Application of GPOCRE method > gpocre_breast;
Application of LASSO method > lasso_breast;
Application of SGPLS method: See R codes in sgpls_breast.R


How to Use gPOCRE in General:
=============================

1. Use gPOCREScreen() to screen variables first, fit with gPOCREPath(),
   select the optimal model with SelectModel(),  and calculate
   p-values using RBootsGPOCRE(). Try
     > [sres,pvalue,gppres] = Ex4gPOCRE;
   Note that calculating p-values with the bootstrap method is problematic, 
   so it is recommended to obtain p-values with multivariate analysis.

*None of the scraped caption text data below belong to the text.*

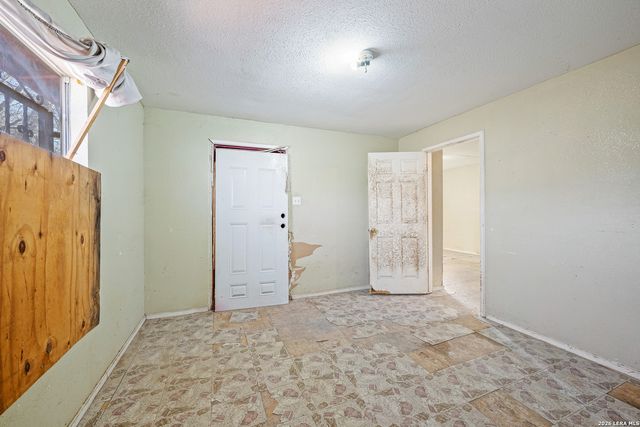 920 S San Joaquin, San Antonio, TX 78237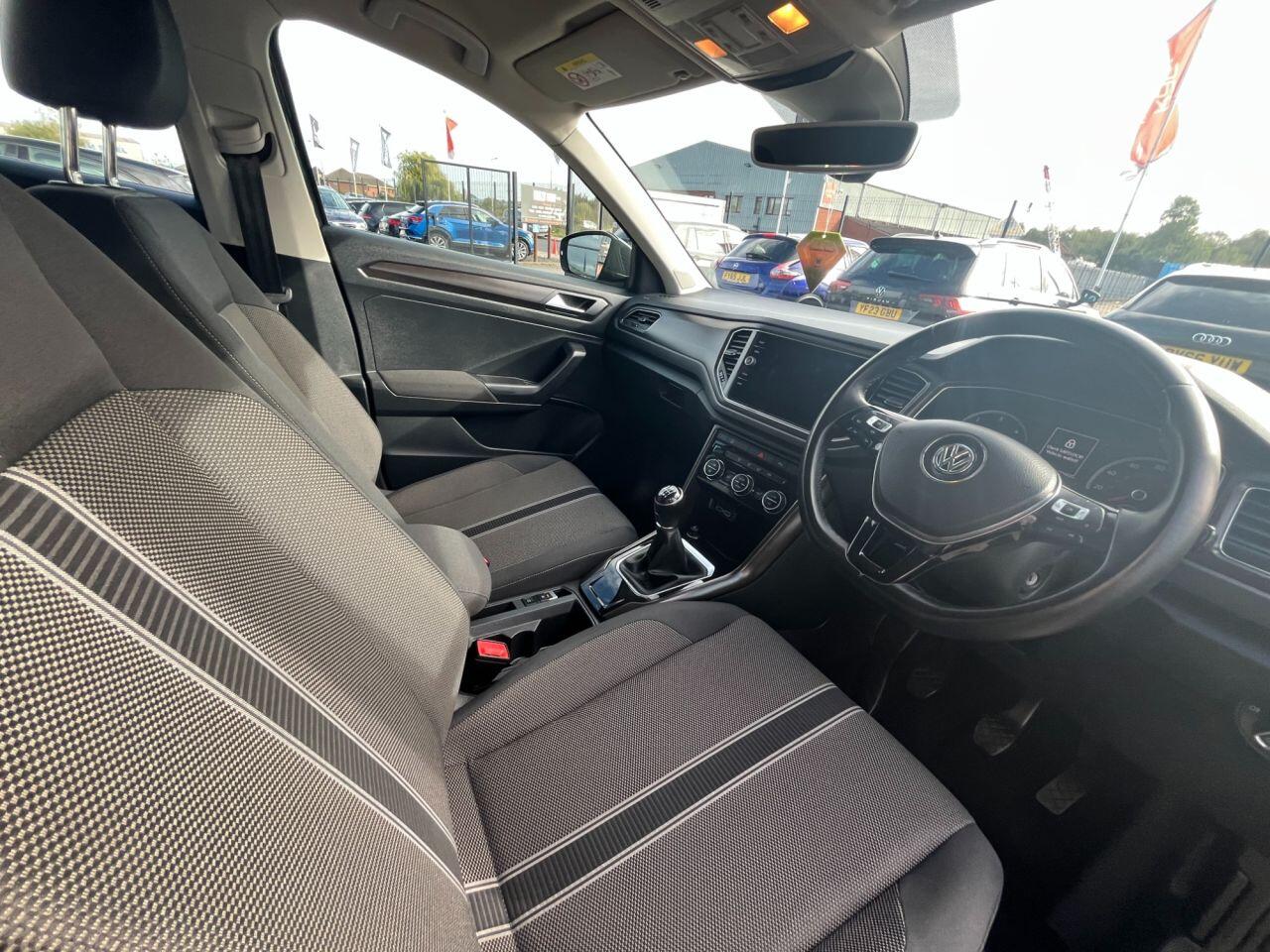 Volkswagen T-Roc view 11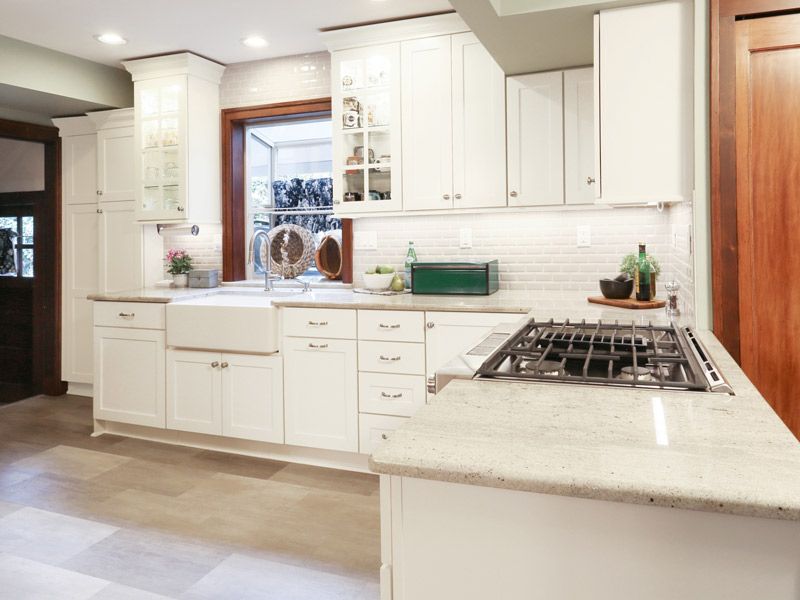 White Kitchen with Gray Backsplash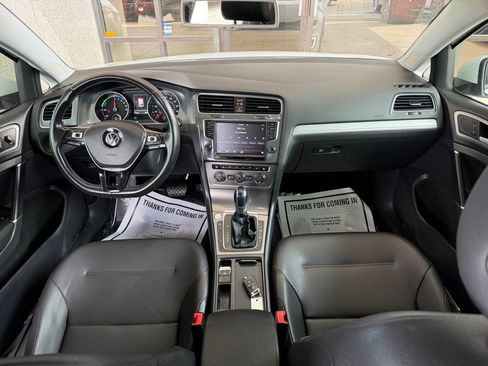 Used 2016 Volkswagen e-Golf SEL Premium w/ Driver Assistance Package FWD image 17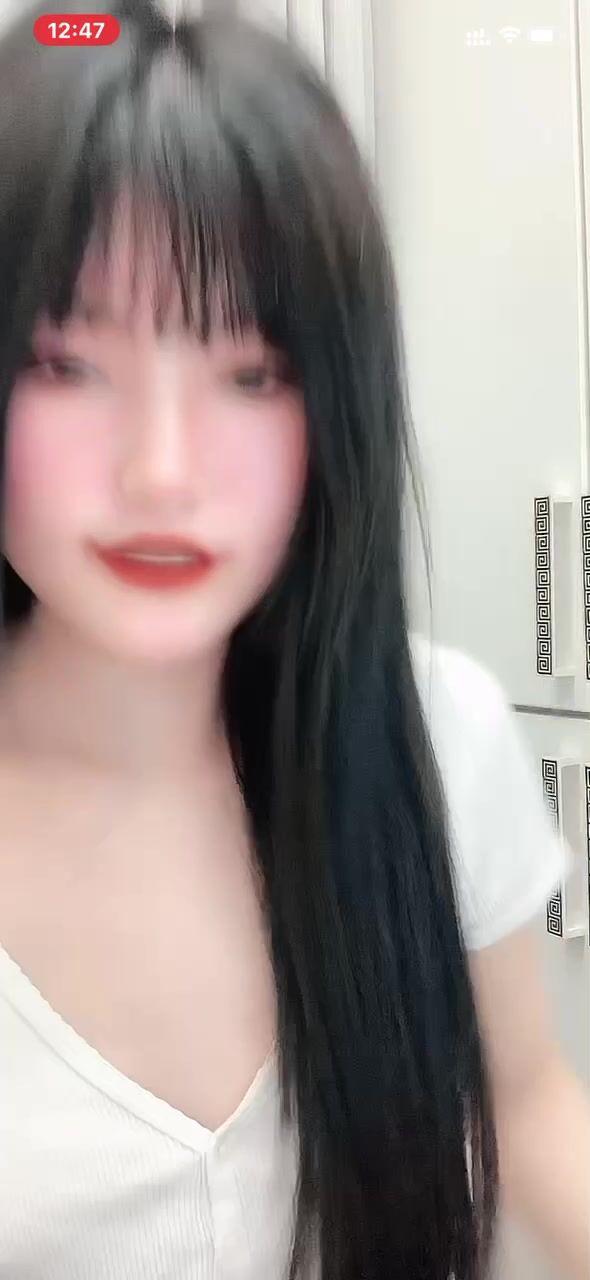 最新《瘋狂抖音》外篇之『三亞美女2』極品三亞外圍美女大秀身材 作死大尺度 摳B揉乳擠奶 (23)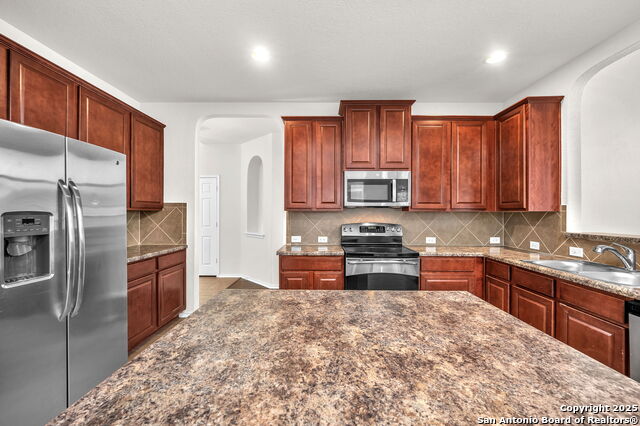 Image 7 of 25 For 9714 Common Law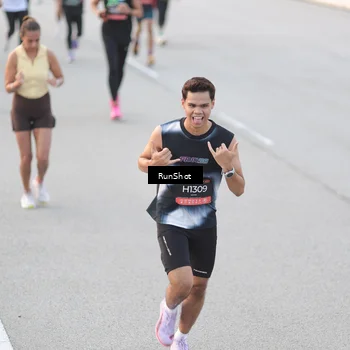 Runner Photo 6816888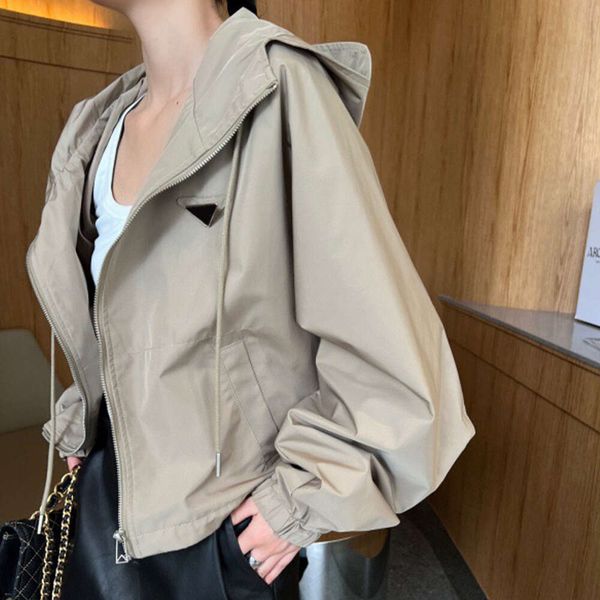 Women Jacket 2023 Autumn/Winter New Triangle Brand Breast Needle Embroidery Decoration Hooded Windbreaker Coat Fashion Versatile, Black
Women Jacket 2023 Autumn/Winter New Triangle Brand Breast Needle Embroidery Decoration Hooded Windbreaker Coat Fashion Versatile, Black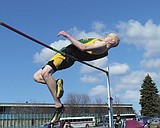 Senior 'Dogs lead at C-Falls Invite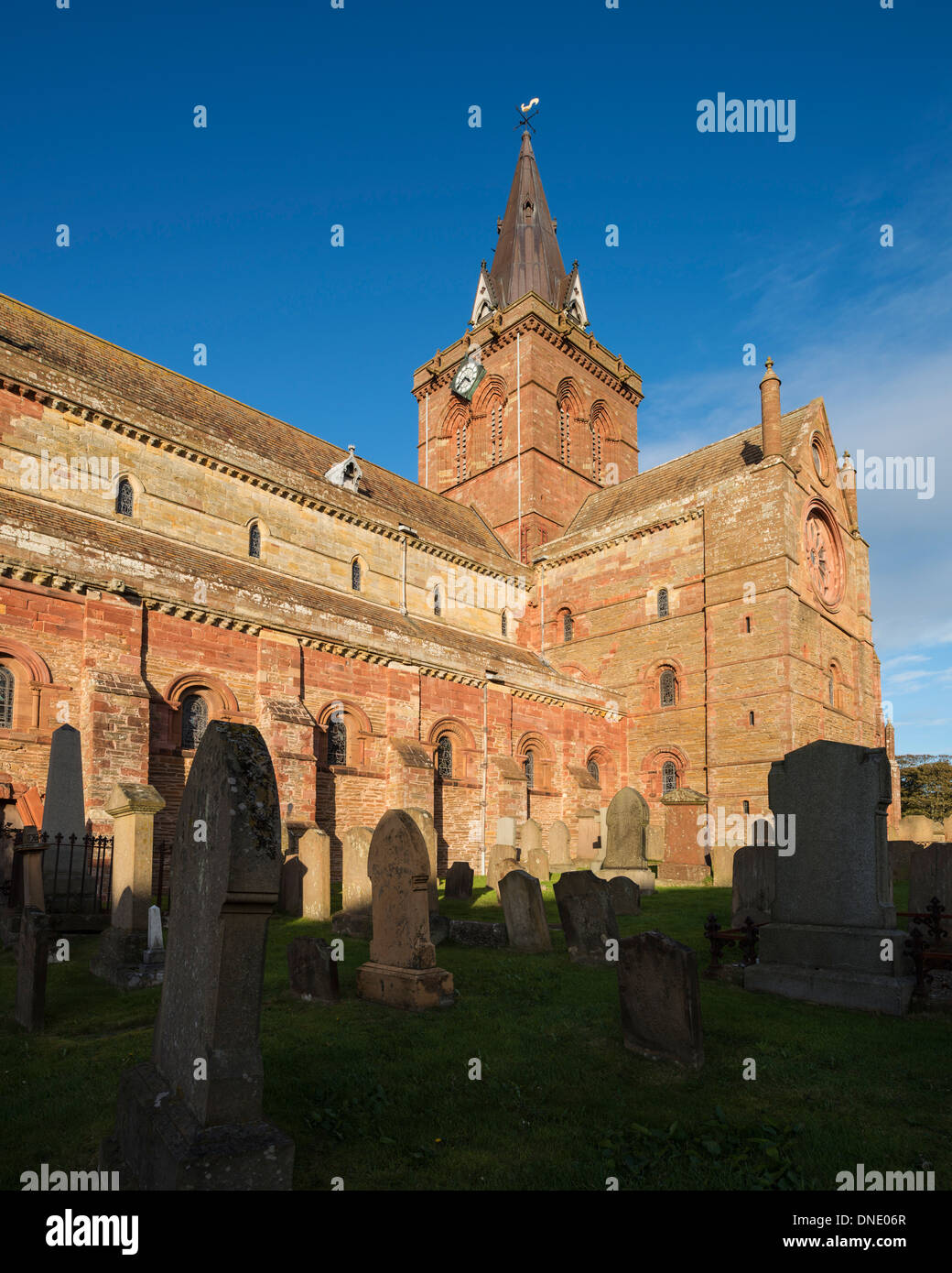San Magnus Cathedral e il cimitero, Kirkwall, Orkney, Scozia Foto Stock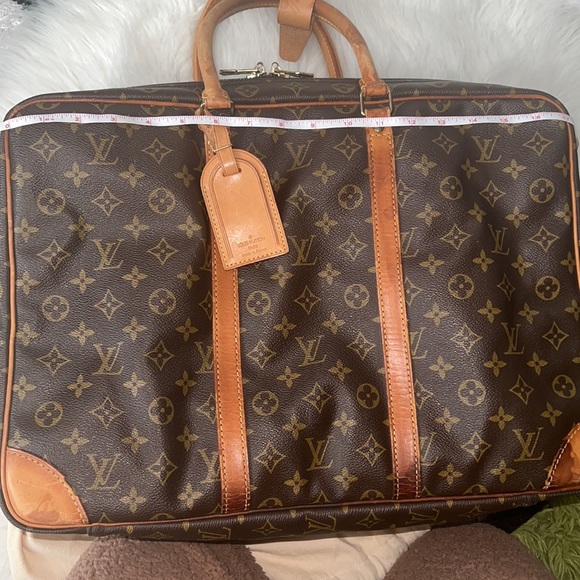 Louis Vuitton Sirius travel includes dust bag + 2 more accessories - tag name. - Picture 5 of 15
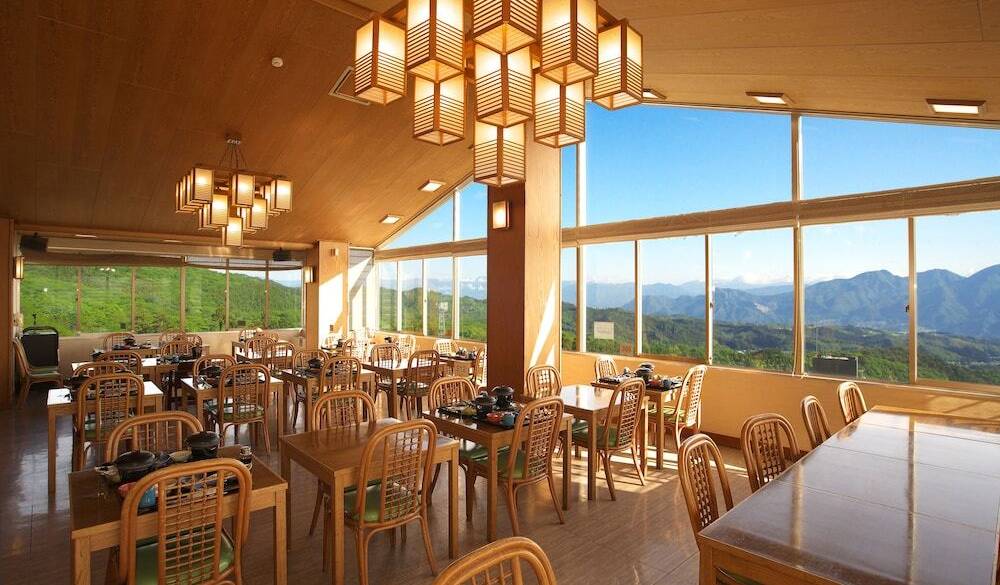 ダイニングホール「観山」 / 2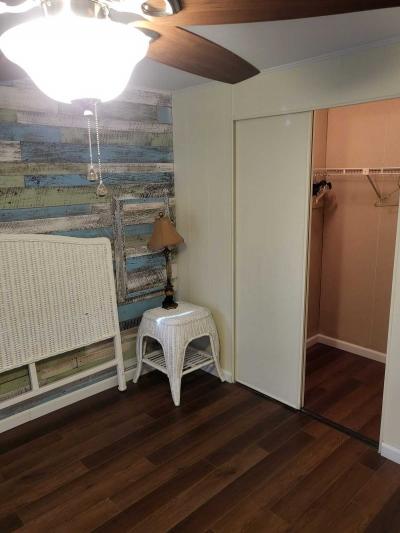 Photo 5 of 24 of home located at 28 Sunset Cir North Fort Myers, FL 33903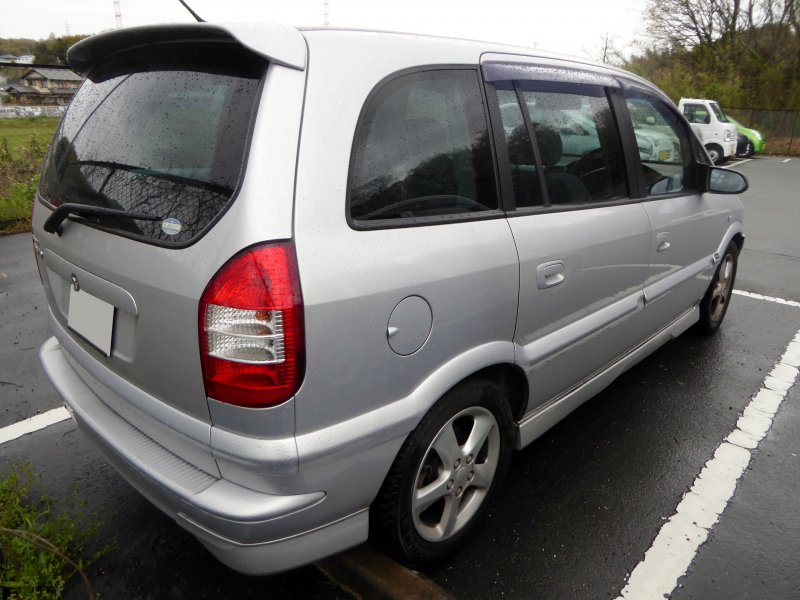 Субару Травик 2009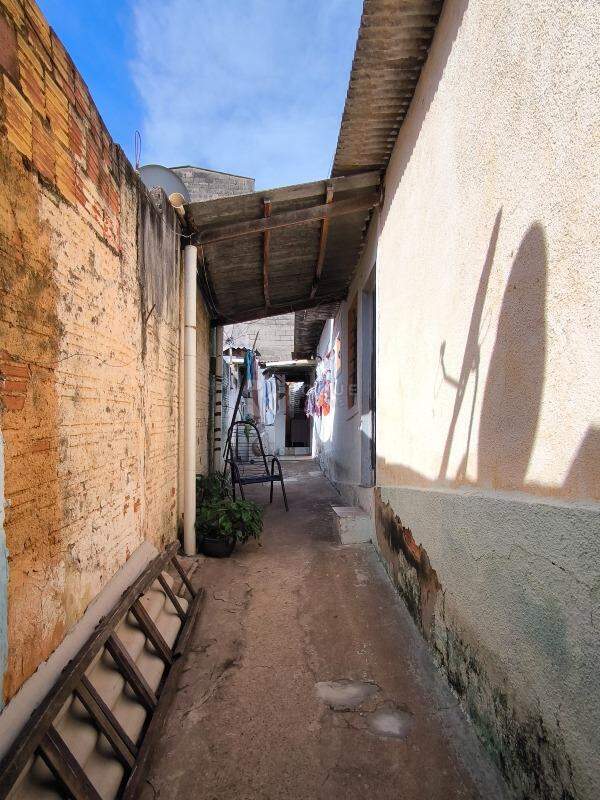 Casa Residencial à venda no bairro Jardim Glória: LATERAL EXTERNA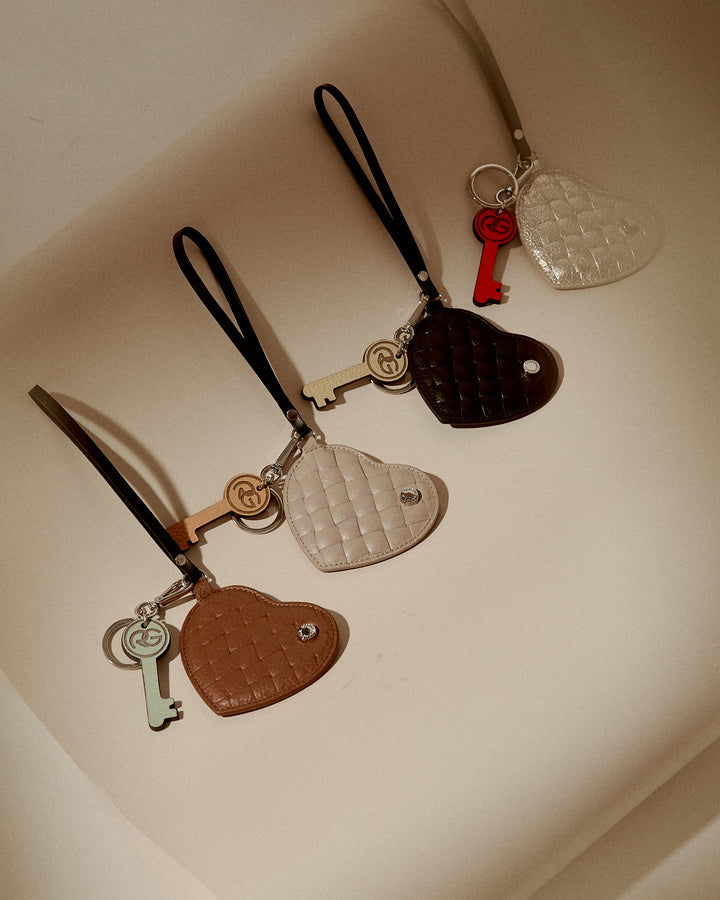 Woven charms key ring in braided printed leather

2. To use cross-validation method to choose the tuning parameter,
   read and try Ex4CVGPOCRE.m and try
     > res = Ex4CVGPOCRE;

3. Code a similar .m file to analyze your own data. You may want
   to change the settings in option according to your data
   analysis.

4. You can also use the function gPOCRE(...) if you want to try a
   particular lambda value.


Note
====

1. The optimal tuning parameter can be determined using either cross-validation or EBIC (by Chen & Chen, 2010) or BIC or AIC or AICC.

2. Note that gPOCRE(...) always assumes a fixed weight matrix W. If W is not provided, an identity matrix is used. So, it is recommended to run gPOCRE(...) to get an initial beta, call CalcOptW(...) to update W, then run gPOCRE(...) with the updated W. gPOCREPath(...) follows this strategy.